Una nuova interpretazione della globalizzazione
Quest’ultimo è il sistema politico-economico progettato per la rinnovata interpretazione di Xi Jinping della globalizzazione, che vede nella Cina il centro di un nuovo universalismo culturale rivolto ai Paesi emergenti, e non solo, per abbattere la povertà e per realizzare un’accelerata crescita. Già nel 2016, Xi definiva questo modello “il sogno di felicità cinese” che deve essere interrelato “ai sogni di felicità perseguiti dai popoli di tutto il mondo” similmente a quanto dichiarava W.W. Rostow “fate come abbiamo fatto noi”, per l’affermazione del capitalismo nei Paesi definiti del terzo mondo, all’indomani della seconda guerra mondiale.
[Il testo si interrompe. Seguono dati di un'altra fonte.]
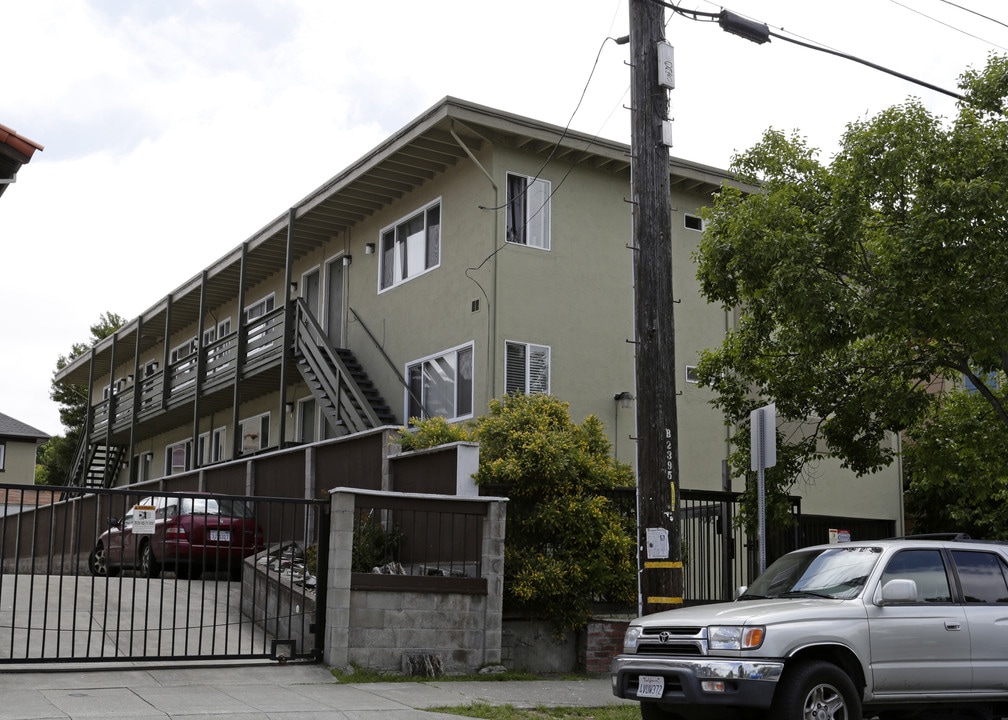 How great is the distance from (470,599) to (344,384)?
941 centimetres

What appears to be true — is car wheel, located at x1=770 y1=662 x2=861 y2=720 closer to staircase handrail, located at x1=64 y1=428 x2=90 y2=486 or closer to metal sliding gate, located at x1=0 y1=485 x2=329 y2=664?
metal sliding gate, located at x1=0 y1=485 x2=329 y2=664

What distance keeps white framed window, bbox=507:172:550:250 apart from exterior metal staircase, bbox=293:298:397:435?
161 inches

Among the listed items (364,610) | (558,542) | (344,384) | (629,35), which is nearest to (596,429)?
(558,542)

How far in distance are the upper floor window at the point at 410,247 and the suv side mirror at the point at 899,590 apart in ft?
43.9

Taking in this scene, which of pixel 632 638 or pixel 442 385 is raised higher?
pixel 442 385

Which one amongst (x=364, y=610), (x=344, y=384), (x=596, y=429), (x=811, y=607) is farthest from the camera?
(x=344, y=384)

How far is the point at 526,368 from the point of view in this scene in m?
19.7

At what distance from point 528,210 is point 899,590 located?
1247cm

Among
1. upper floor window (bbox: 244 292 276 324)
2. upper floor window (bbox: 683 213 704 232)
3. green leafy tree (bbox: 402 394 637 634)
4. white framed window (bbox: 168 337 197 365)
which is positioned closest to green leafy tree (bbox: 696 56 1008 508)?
green leafy tree (bbox: 402 394 637 634)

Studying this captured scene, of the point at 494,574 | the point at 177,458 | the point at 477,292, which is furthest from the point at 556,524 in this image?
the point at 177,458

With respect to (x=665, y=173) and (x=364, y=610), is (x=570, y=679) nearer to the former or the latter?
(x=364, y=610)

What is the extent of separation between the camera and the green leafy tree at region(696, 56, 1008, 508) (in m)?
12.9

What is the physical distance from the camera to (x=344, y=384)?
2159 cm

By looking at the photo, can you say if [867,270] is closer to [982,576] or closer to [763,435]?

Liberismo e socialismo oggi attraversano una comune transizione dal capitalismo industriale, sia di mercato sia di Stato, al nuovo e diffuso capitalismo digitale che deciderà il primato nell’economia mondiale dell’Occidente o dell’Oriente. Questa sfida dovrebbe rispettare regole condivise di competitività. Ancora una volta, però, l’uso di dumping da parte del Celeste Impero ne sta determinando la preminenza. Robert Atkinson, Presidente dell’Information Technology and Innovation Foundation (ITIF), ha rivelato che il sistema 5G di Huawei è obbligato a “supportare, assistere e coadiuvare i servizi segreti statali cinesi” e a consegnare dati sensibili delle nazioni in cui opera. Questo spiega perché plurimi Paesi, tra i quali Stati Uniti, Canada, Australia, Estonia, Giappone, Taiwan o Nuova Zelanda, hanno messo al bando la nuova generazione dei sistemi di comunicazione cellulari 5G della Repubblica Popolare. Senza considerare, poi, che l’altra società di telecomunicazione cinese, la Zte, controlla ormai più della metà delle contrattazioni a livello mondiale. Valori ed errori, comunque, hanno costellato l’evoluzione sia dell’Occidente che dell’Oriente, perciò ci piace concludere con quanto ha scritto Federico Rampini nel suo ultimo volume: “Tra noi e loro è in atto da due millenni un gioco di specchi rovesciati, immagini manipolate … un gioco dove forse si stanno invertendo i ruoli, e presto sarà l’Oriente a dirci chi eravamo, chi siamo noi”.